RC: Maar stelt u zich als Vlaamsgezinde geen vragen bij de houding van de N-VA  top ?  Over b.v. TTIP, de Marokko-deal, atoomwapens, NAVO-obdientie,  Israel …

NM: “Ik wil me niet op het terrein van de partijpolitiek begeven. Bij het onderhandelen over Vlaamse bevoegdheden hebben we ook  een deel buitenlandse bevoegdheid bedongen. Dat hebben de Basken of Catalanen niet. Als er een verdrag gesloten wordt, dan worden wij daar mee bij betrokken, dus dat moet opgevolgd worden. Daarin schiet Vlaanderen vaak tekort. Ik heb als voorzitter van het Vlaams Vredesinstituut geprobeerd de wil van de Vlamingen tot Vrede in wetten om te zetten door aan het parlement degelijk onderzoekswerk af te leveren dat toelaat om wapenwetten op te stellen die tenminste toelaten om te controleren wat met de wapens gebeurd. Helaas, dat is in Vlaanderen nog niet gebeurd.

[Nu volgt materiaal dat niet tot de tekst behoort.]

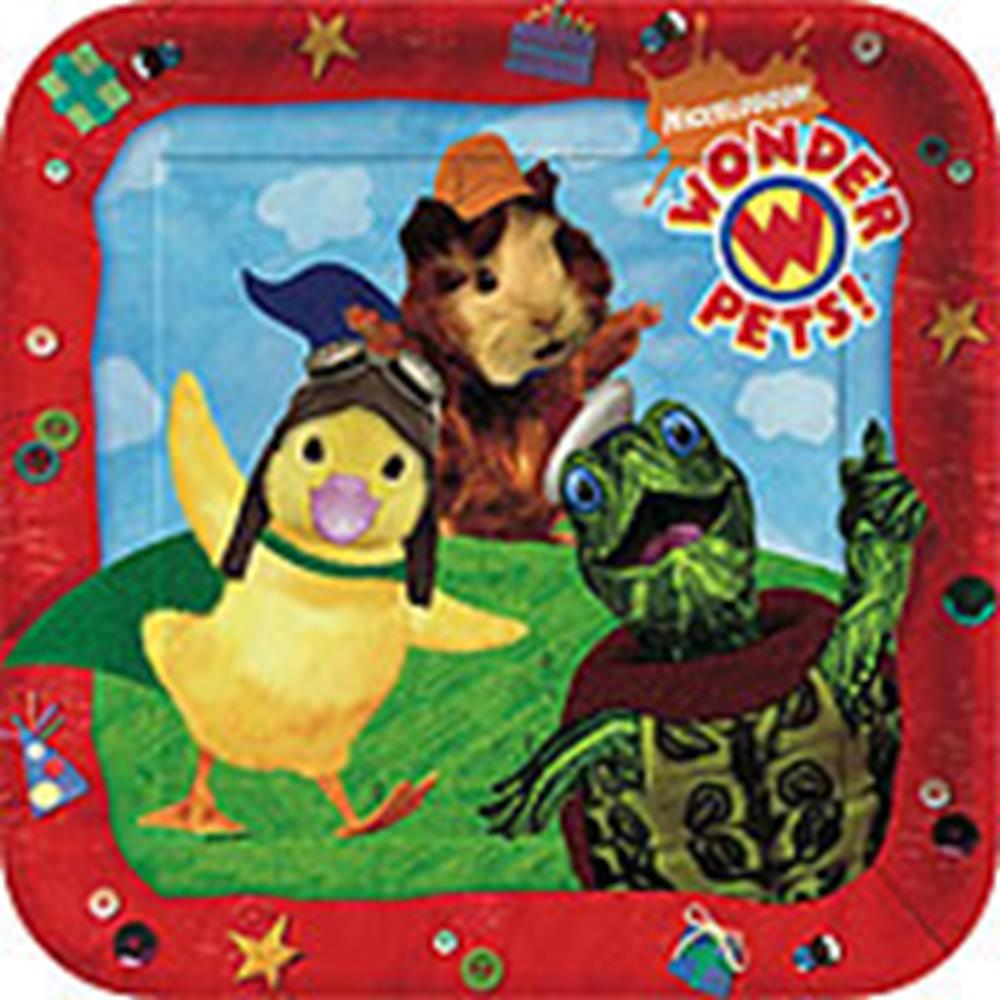 Plato Wonder Pet (L) 8ct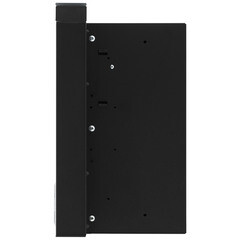 Кухонная вытяжка встраиваемая Krona Kamilla 500 AIR 1B 50 см черная - фото 10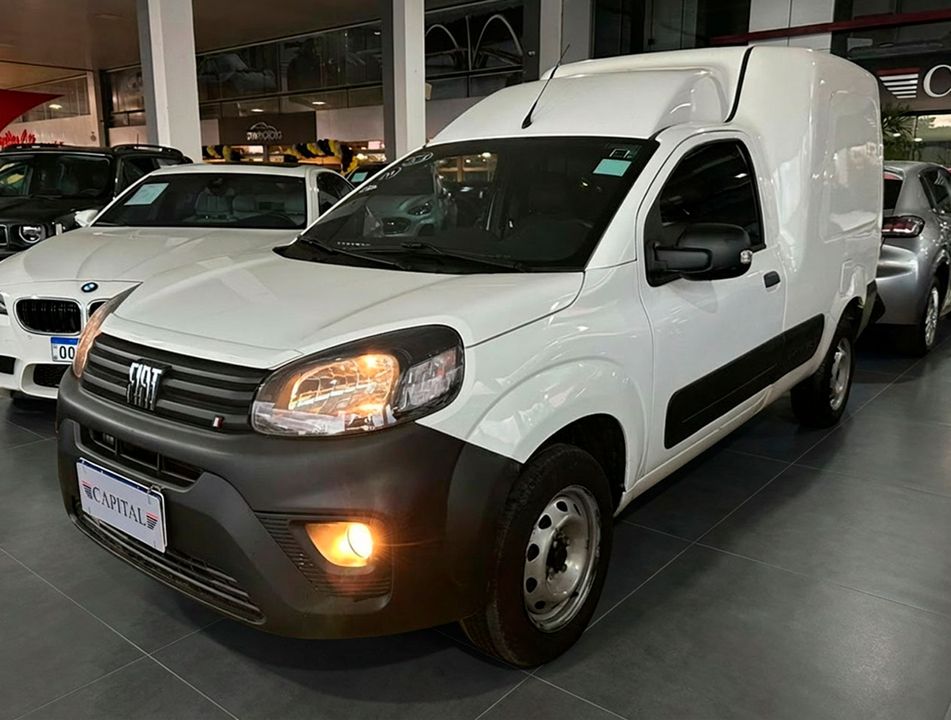 Fiat Fiorino Endurance EVO 1.4 Flex 8V 2p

We hebben nog altijd een industrie die medeplichtig is aan het vervaardigen van wapens die oorlogen in stand houden, zoals in Jemen.”

RC: Dat is dus de Vlaamse zelfbeschikking op dit moment: de (Vlaamse ) politieke meerderheid die beslist om meer geld uit te geven aan wapens, en om op de rem te gaan als het gaat over klimaatbeleid. Dat beslissen we zelf.

NM: “Ik zeg niet dat ik het eens ben met alle beslissingen in Vlaanderen. Ik hoop dat de mensen zich meer van één en ander bewust worden. Ik ben niet de enige die moet zeggen wat er gaande is in Vlaanderen. We zijn een democratie en we moeten ervoor zorgen dat het volk weet wat er omgaat. Als ik de media bekijk, dan zie ik toch heel weinig informatie om de mensen te helpen in hun keuzes.  Mensen moeten meer politiek bewustzijn hebben om hun keuzes te kunnen maken en dat geldt nog meer voor de mensen in het parlement.”